(Pictures with short captions)
• • • • • • •

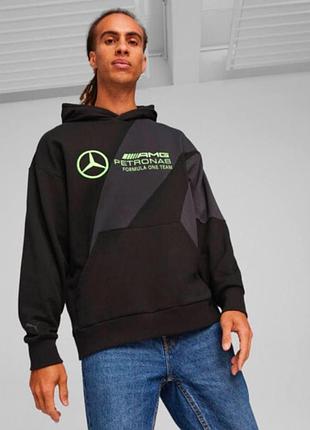 Мужской худи mercedes-amg motorsport puma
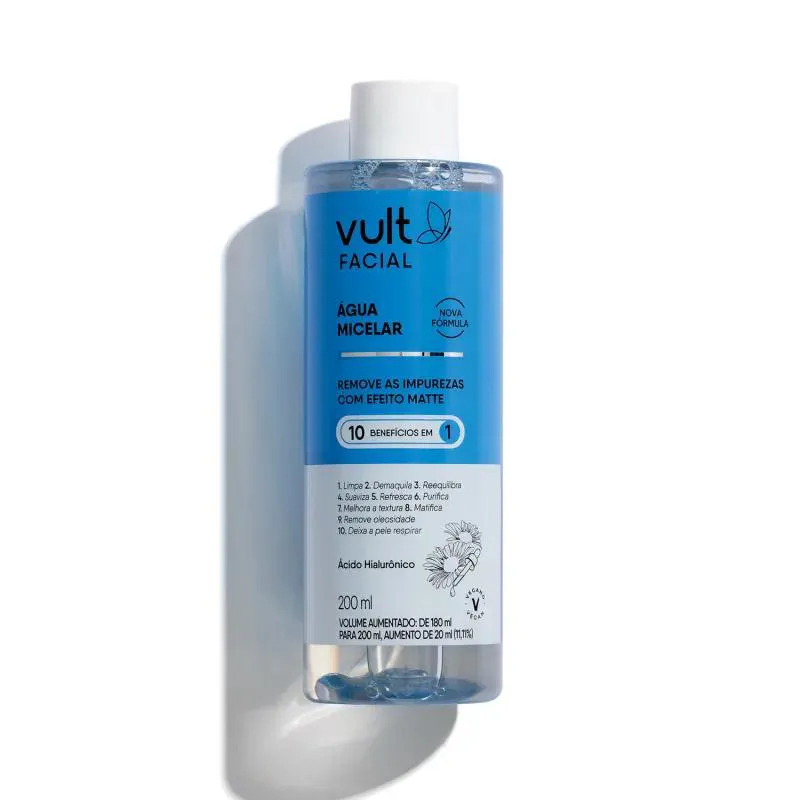AGUA MICELAR FACIAL 200ML - VULT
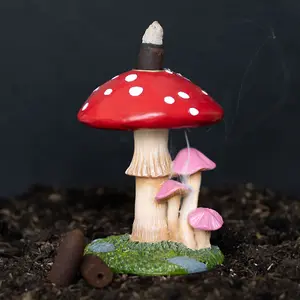 Mushroom Backflow Incense Cone Burner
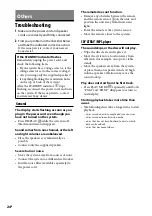 Preview for 24 page of Sony CMT-U1BT - Micro Hi-fi Component System Operating Instructions Manual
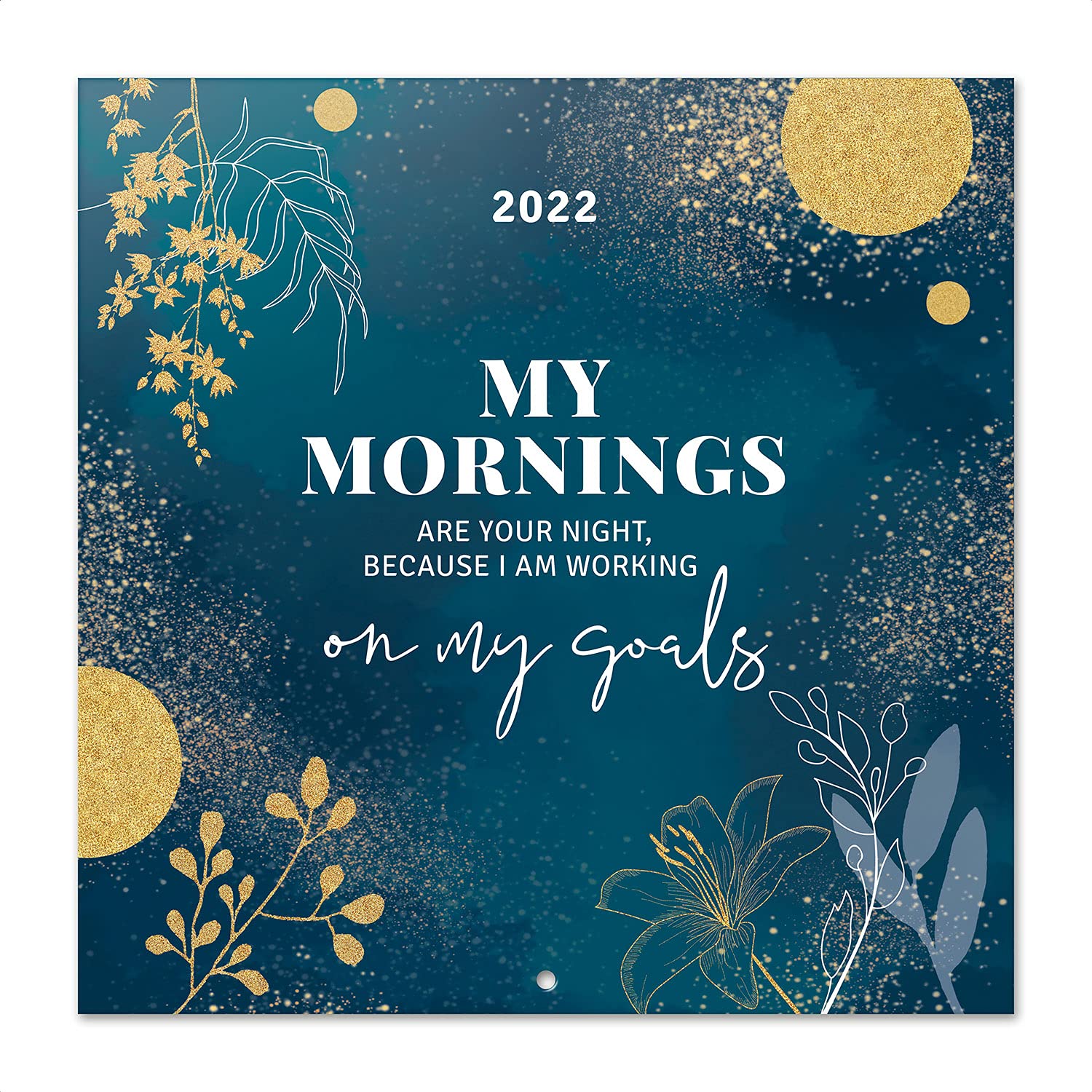 Grupo Erik: Official Glitter 2022 Calendar, 12' x 12' Square Wall Calendar 2022, Family, Quotes Calendar 2022 - Motivation Calendar 2022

• • • • • • •

* WHAT THE TASK ASKS
Nothing but the lines from the line containing "Mushroom Backflow Incense Cone Burner" through the last line of the records above should be written out, exactly and without the pictures.

* COMPLETED EXERCISE
 Mushroom Backflow Incense Cone Burner
 Preview for 24 page of Sony CMT-U1BT - Micro Hi-fi Component System Operating Instructions Manual
 Grupo Erik: Official Glitter 2022 Calendar, 12' x 12' Square Wall Calendar 2022, Family, Quotes Calendar 2022 - Motivation Calendar 2022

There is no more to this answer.